Coroutines are heavily optimized by LLVM. The code above, after optimizations are applied, becomes simply:
call void @print(i64 0)
call void @print(i64 1)
call void @print(i64 2)
Info
Codon's LLVM fork implements coroutine elision analysis through escape analysis of the coroutine
handle, as opposed to the standard analysis that relies on examining @llvm.coro.destroy calls.
This was found to be much better at determining which coroutines can be optimized away.
Program structure¶
Python doesn't have an explicit main() function as an entry point like C does.
However, we need to generate a main() function in LLVM IR to be able to execute the generated code..
Codon handles this by putting everything at the top level into its own implicit function:
a = 42
print(a * 2)
becomes:
a = 0
def main():
global a
a = 42
print(a * 2)
If compiling to a shared object, a global constructor
is added to call the implicit main(), which ensures initialization is still performed.

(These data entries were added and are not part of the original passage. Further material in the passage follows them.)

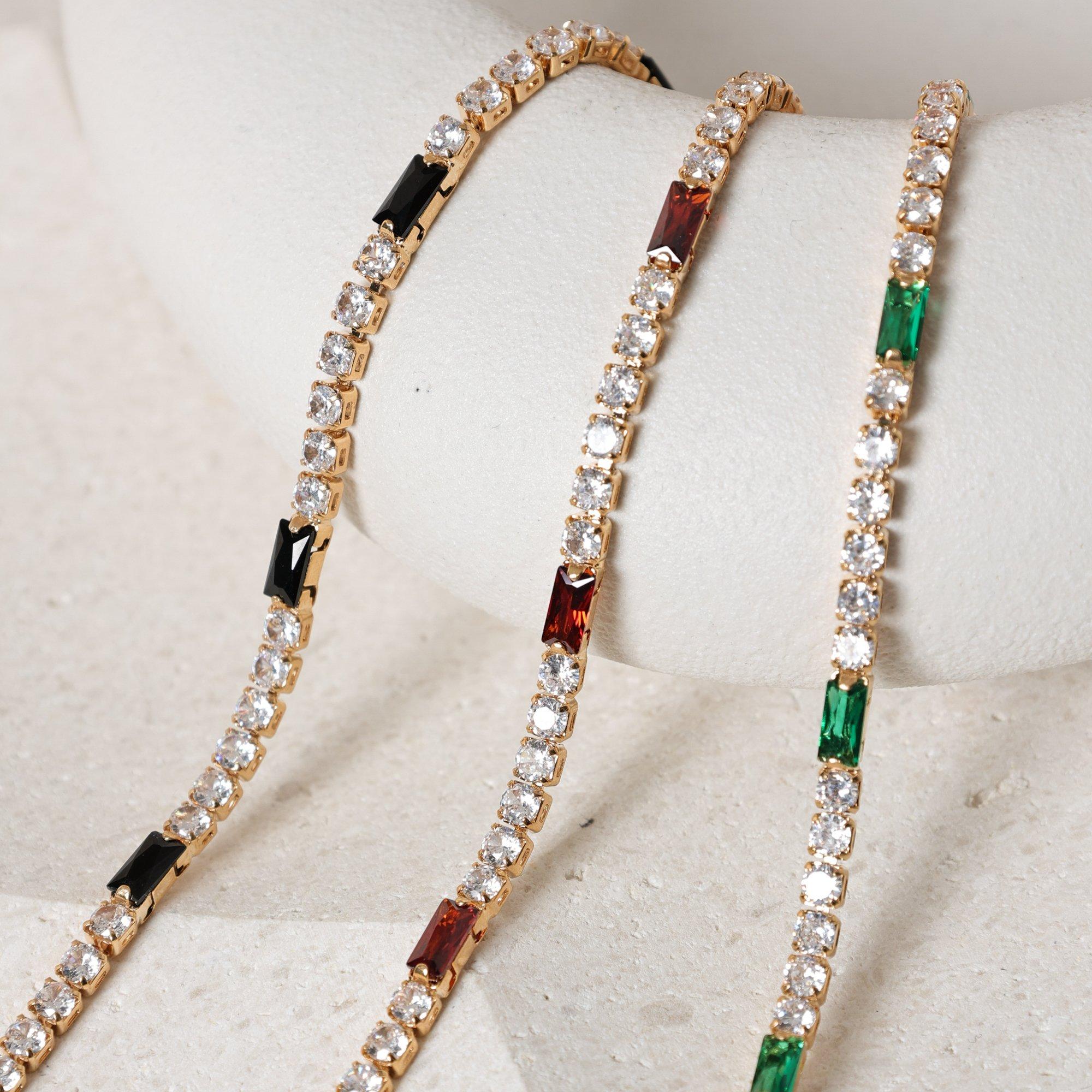 Gold - Jon Richard - Gold Plated Stone and Emerald Tennis Bracelet - 3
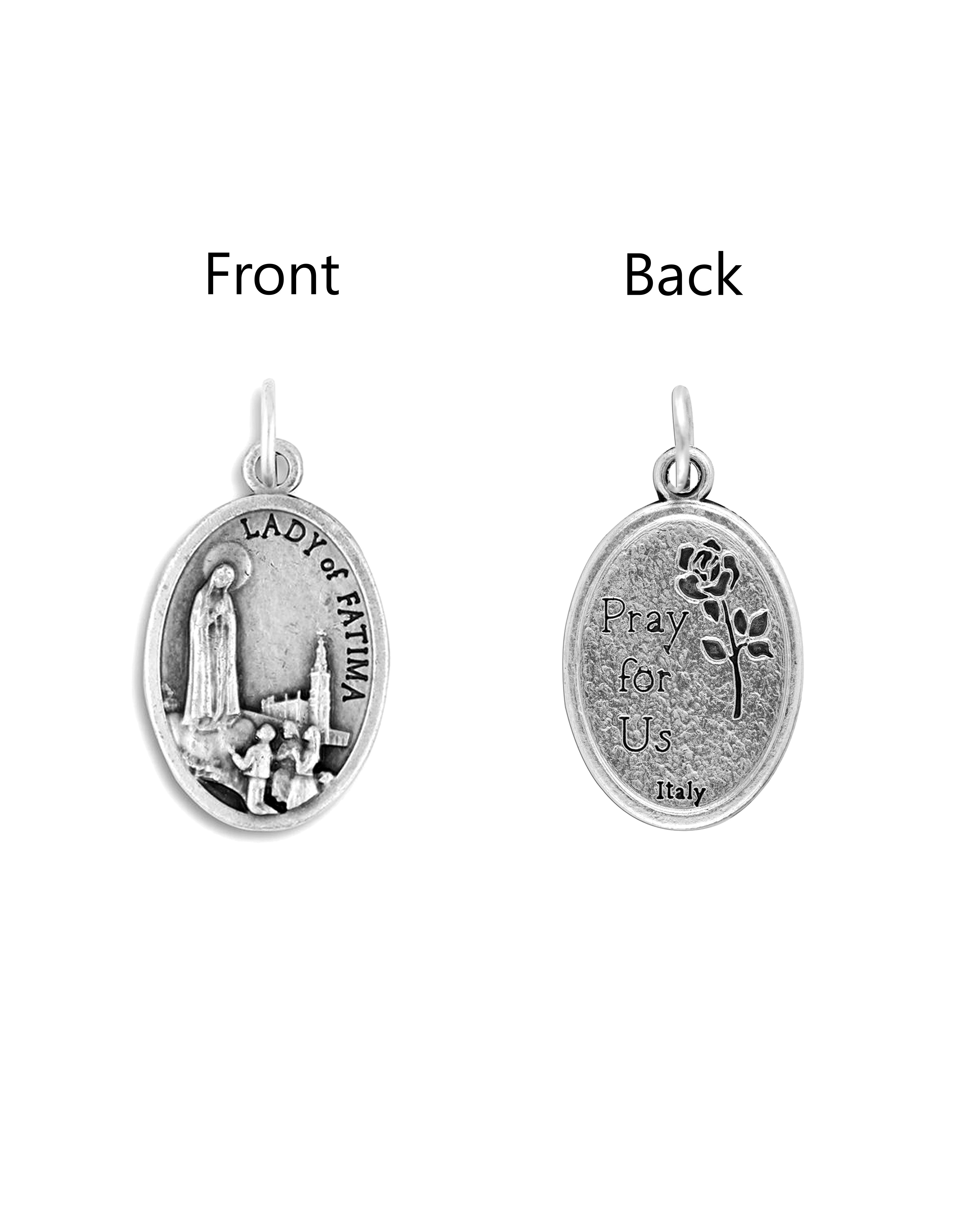 Saints Medals in oxidized silver made in Italy 1.0" x 0.7"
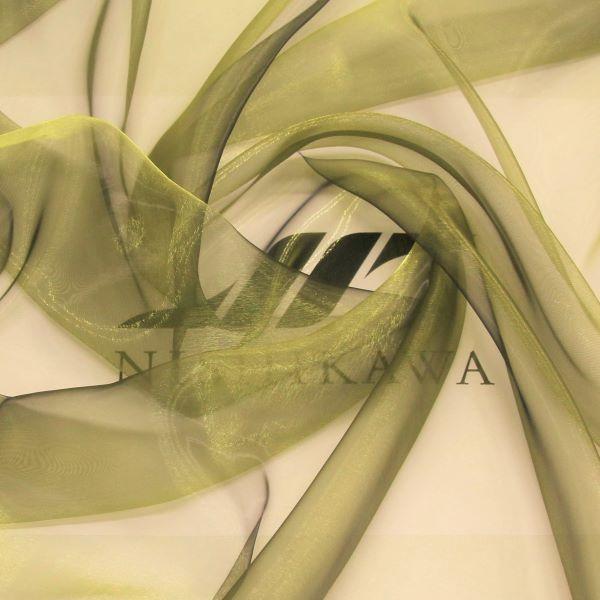 シャイニーシャンブレーオーガンジー （13890N） 色番:3 イエロー×ダークブルー　衣装 　舞台...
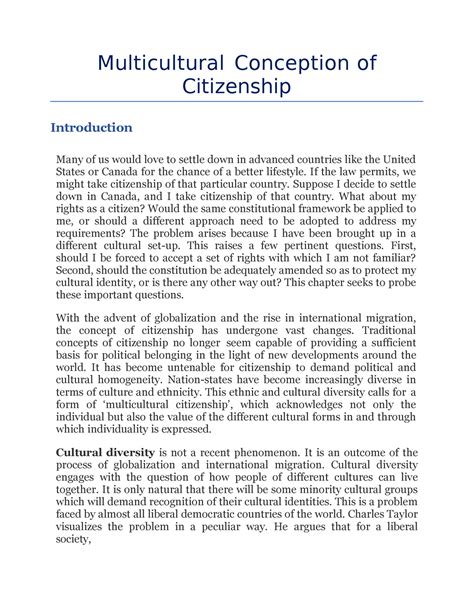 Multicultural Conception of Citizenship - Multicultural Conception of ...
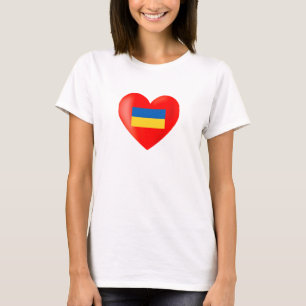 Rotes Herz mit Ukraine-Flaggenfarben T-Shirt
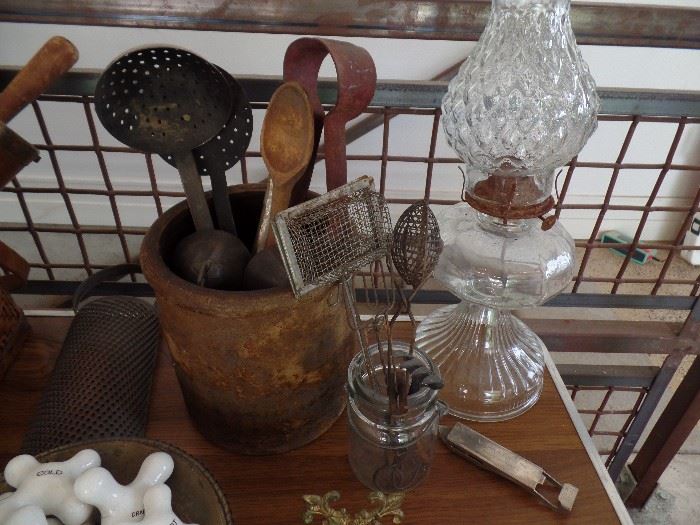 Vintage crock, vintage kitchen utensils & glass lantern  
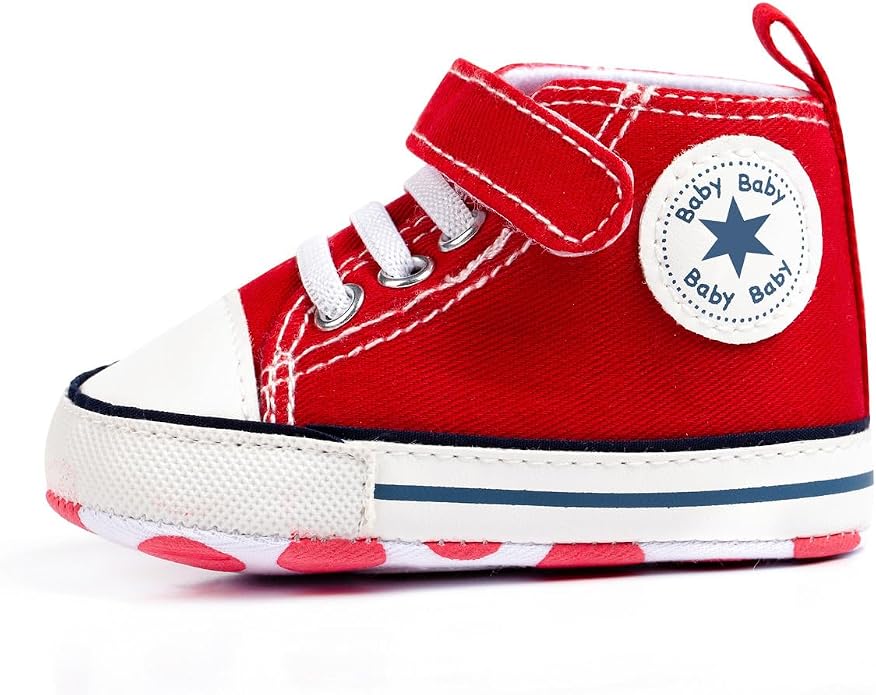 Unisex Baby Girls Boys Canvas High-top Shoes, Newborn Infant Anti-Slip Soft - Image 7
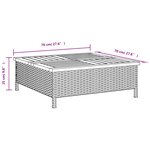 vidaXL Table de jardin beige 70x70x25 cm résine tressée et bois acacia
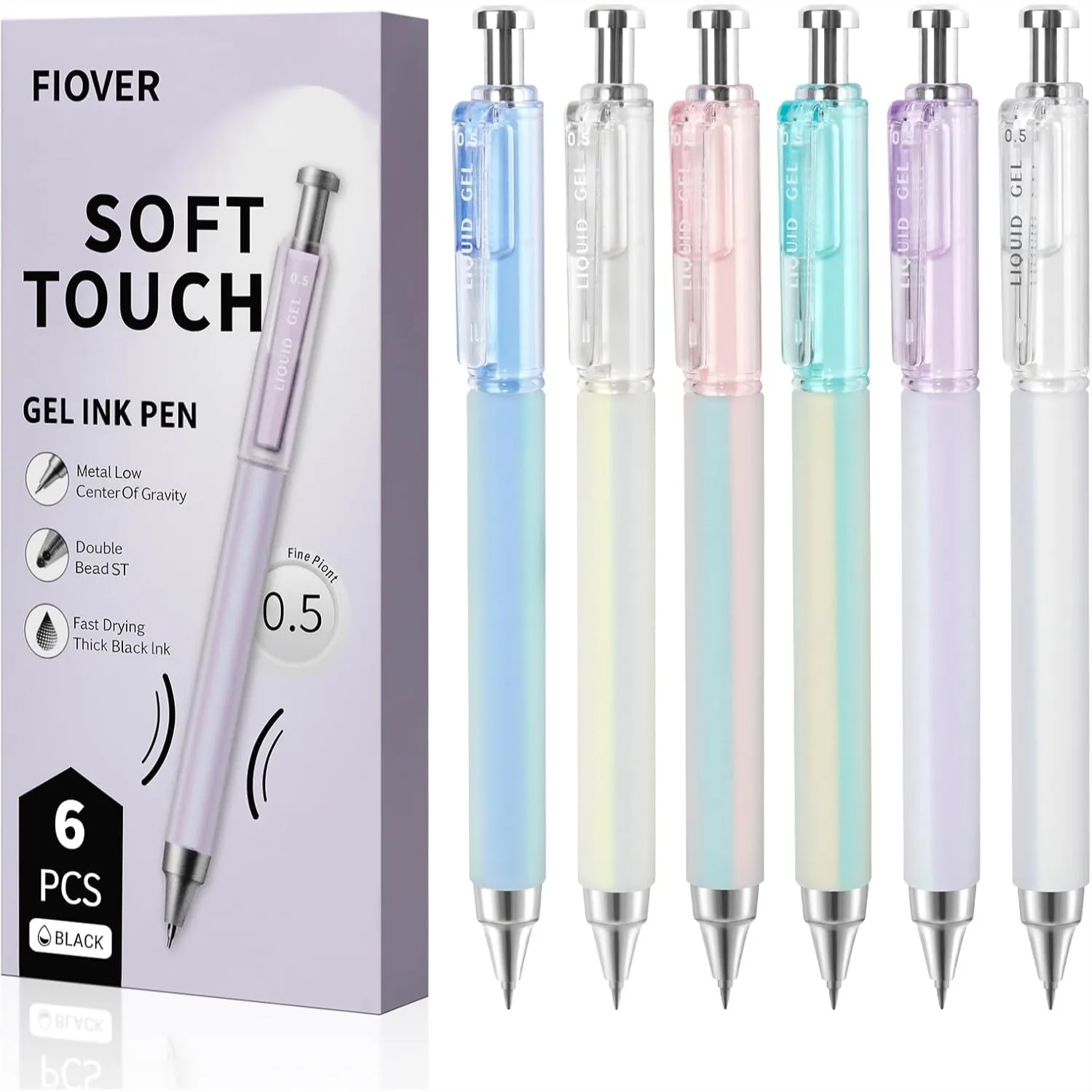 0.5mm Black Gel Pens 6 Pack, Quick Dry Fine Tip Retractable Pens with Soft Silicone Grip for Journaling Office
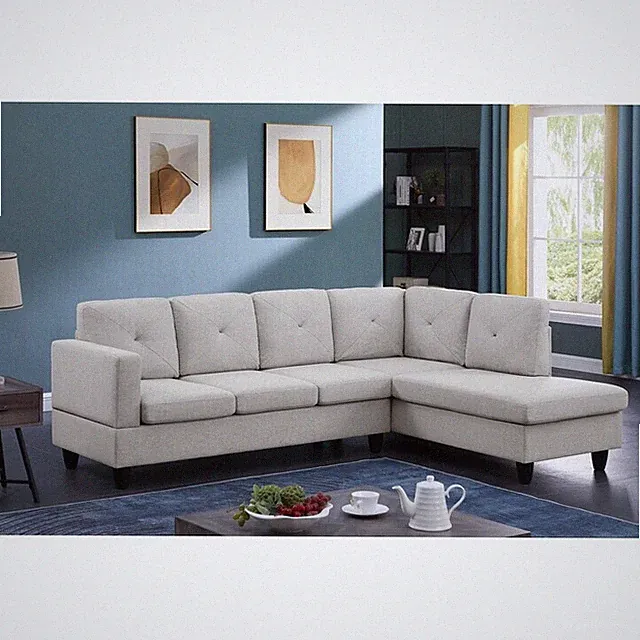 Santiago 96" Linen Sectional Sofa w/ Chaise - Gray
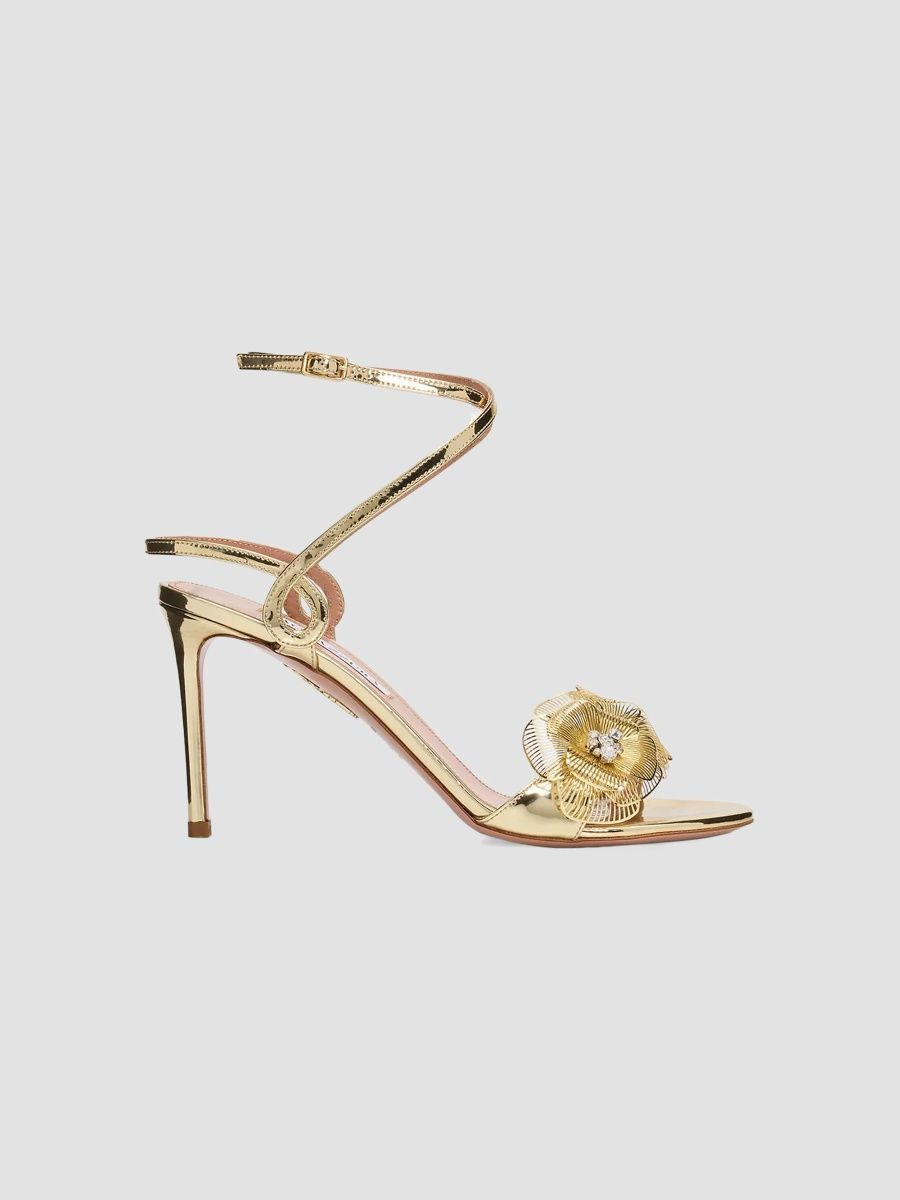 Aquazzura Women's Flora Mystica 85MM Applique Sandals - Soft Gold - Size 11.5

Relevant code can be found in
codon/cir/llvm.
Code generation¶
Codon invokes LLVM’s code generation infrastructure to emit native code. This also includes
invoking LLVM's optimization pipeline when compiling in release mode (corresponding to Clang's
-O3). Codon also has several of its own LLVM optimization passes:
- Allocation removal pass: Lowers dynamic allocation of known, small size to stack allocations. This is useful when e.g. instantiating classes that don't escape the enclosing function.
- Allocation hoist pass: Hoists dynamic allocations outside of loops when possible. This allows the same memory to be reused across loop iterations which improves cache performance.
- Allocation free pass: Automatically frees dynamic allocations when they are no longer being
used. Improves cache performance. This pass is off by default but can be enabled with the
hidden
-auto-freecompiler flag. - Coroutine branch simplification pass: Some of LLVM's standard coroutine passes can result in complex branches that are difficult to reason about. This pass simplifies those branches.
- Architecture-specific passes: Enables vectorization and other features specific to the host
architecture. Similar to
-march=nativein Clang. Can be disabled with the-disable-nativecompiler flag.
GPU code generation¶
If the program contains GPU kernels, those kernels are separated into a new LLVM module to be handled specially. In particular:
- Certain functions are replaced with GPU-compatible alternatives. For instance, the
sqrt()function might be replaced with__nv_sqrtfrom CUDA's libdevice library. - Exceptions are disabled and replaced with unreachable directives, which enables additional optimizations.
- The module is compiled to PTX code and written to disk. The PTX code is then loaded at runtime to invoke the kernel.
JIT compilation¶
Codon also includes a JIT based on LLVM's ORC JIT and implemented
with LLVM's LLJIT. This JIT
is used to support the @codon.jit Python decorator as
well as Codon's Jupyter kernel.
Note that codon run also uses LLJIT to execute the generated LLVM code.
Relevant code can be found in
codon/compiler/.
Debugging¶
The -log l flag will dump the outputs of the various compilation stages to files that can be
examined. This includes:
- AST with type information
- Both unoptimized and optimized Codon IR
- LLVM IR
See the relevant docs for other debugging options.